The worst part was the grind of that group of pages. Right after I got through them, I immediately wrote 10 more in the space of 45 minutes, when I had wasted two weeks on the previous 6. Isn’t that stupid? I’m inconsistent that way. Maybe everybody is to some extent. I bought “The Diaries of Dawn Powell” the other day. The earliest diaries are very short and say things like “Wrote a story today.” Or “Wrote a play today.” Or “Finished a novel today.” And those made me ill. Because they sound like they were so…easy. Then I got to the good bits last night. After I finished the first act, I celebrated by reading some more. I got to a portion where she had been working on a novel. She talked about how miserable it was and how she didn’t think she’d ever do it again once that one was finished – which isn’t what happened. She wrote a bunch more. It was the perfect book to buy with the struggle-y writing I’ve been doing lately. There are gem entries about how much she loves the play she wrote and thinks it’s the best thing she’s ever done, followed by an entry about how she let her playwright friend read it and he absolutely hated it. Then later someone else read it and loved it. It’s the truncated version of things so many playwrights and writers in general go through.

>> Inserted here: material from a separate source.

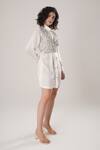 Buy_ATBW_White Silk Embroidery Collared Designer Crop Top _Online_at_Aza_Fashions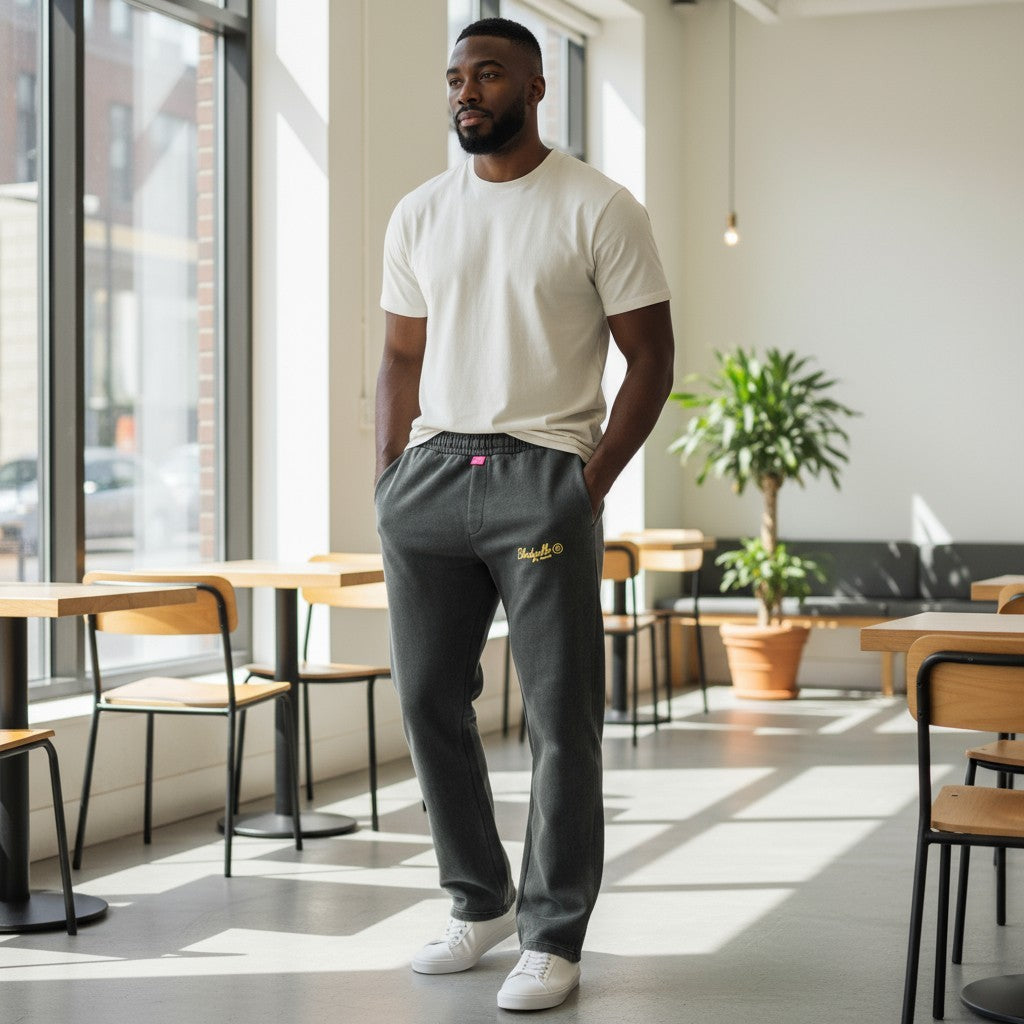 Black and Gold Flock Joggers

It’s those bits that make you say “Oh, yeah, I’m not the only one dealing with this noise.”

The Diaries of Dawn Powell also contains about a million entries that include things like "Went to dinner. Very drunk." my favorite being "Very drunk. Fell down stairs." - that's my kind of writer.

The Diaries of Dawn Powell also contains about a million entries that include things like “Went to dinner. Very drunk.” my favorite being “Very drunk. Fell down stairs.” – that’s my kind of writer.

I recommend the book for people like me who might want the occasional dose of “I’M NOT ALONE!” or any playwright, really. It does a great job of capturing the feeling of creating a new work. Later on she apparently delves into what happens during a disastrous production of one of her plays – I personally can’t wait to get to that part. But, uh…I should probably be writing instead.